So we stopped using this.
We realised HTML was very important. For instance chemistry articles featured chemical formulae which needs subscript which requires HTML.

Consider how HTML is needed to generate summaries for content where subscript is important such as the chemical formula of water, shown here. Text from the English Wikipedia article on water, CC BY-SA 3.0; image by Kim Hansen, CC BY-SA 3.0.

Many of our articles, begin with location information and pronunciation information. A lot of this content didn’t belong in our summaries and for other content it was less clear what belonged. The summaries had a lot of design input and we identified which content shouldn’t appear inside a preview. We wrote up a specification capturing the required behaviour.

Location information features at the beginning of many articles proving problematic for summarising Wikipedia articles…

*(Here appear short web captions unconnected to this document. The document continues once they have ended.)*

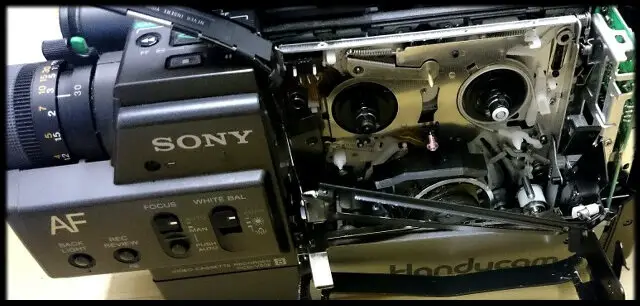 Comment débloquer une cassette dans un caméscope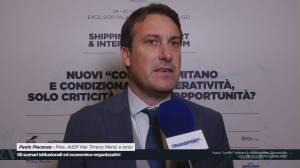 Shipping, Transport & Intermodal Forum, Piacenza (Adsp Tirreno M.-Ionio): "ETS, transhipment e intermodalità per sviluppo Gioia Tauro"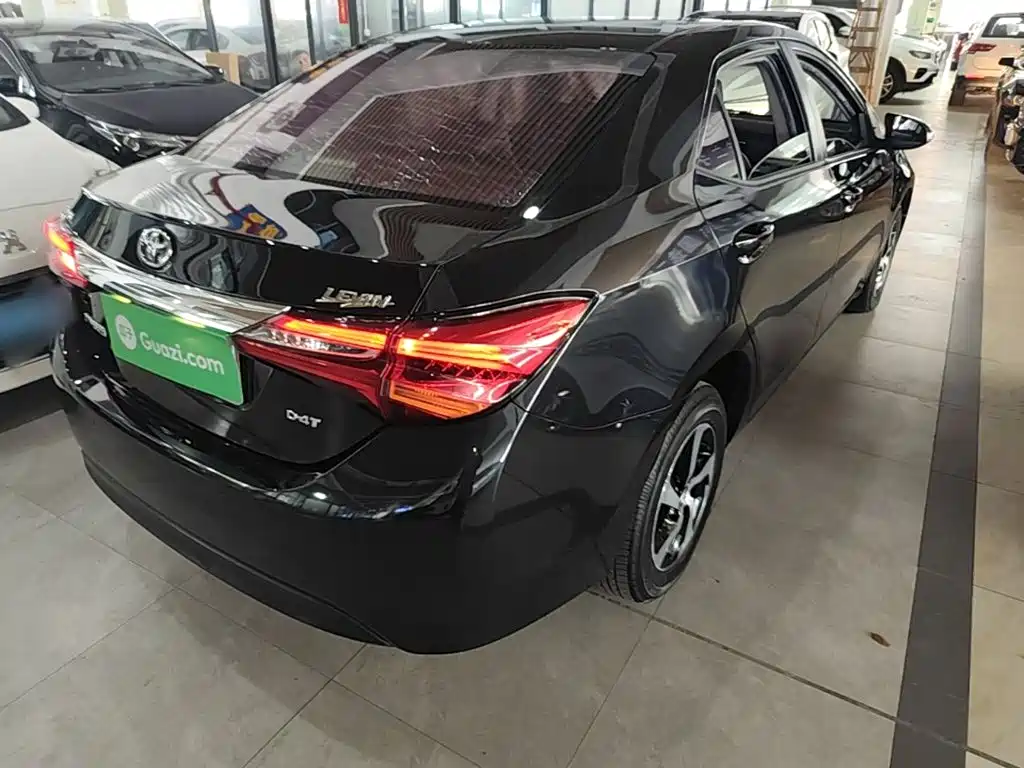 Toyota Levin 2018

… as does pronunciation information.

In the end we decided to build on top of an API that was originally built for our native Android and iOS apps. We created a new API specifically for this purpose.
We now generate the summary from the entire article HTML. We parse it just like a browser and per the specification identify the first “non-empty” lead paragraph of every article.
One of the big challenges here, was the decision to strip content inside parentheses. Since we support over 300 languages this had to be localised (not everyone uses the same character set!).
Not only that, but of course some parentheses are vital… edge cases are everywhere. We had to think about all their potential usage and how best to do them.

Sometimes content inside parentheses is important, as this example suggests. Identifying when they are important is hard. Text from the English Wikipedia article on the periodic table, CC BY-SA 3.0; image by Offnfopt, public domain.

Stripping parenthetical elements from user-generated HTML also turned out to be quite difficult. Whereas doing so in plain text requires a simple regular expression, things get more complicated when you consider nested HTML.
It was important to ensure the content continued to make sense with the content inside parentheses stripped and that we that we didn’t add any security vulnerabilities.
Thanks go to our Infrastructure team for helping us build out this API.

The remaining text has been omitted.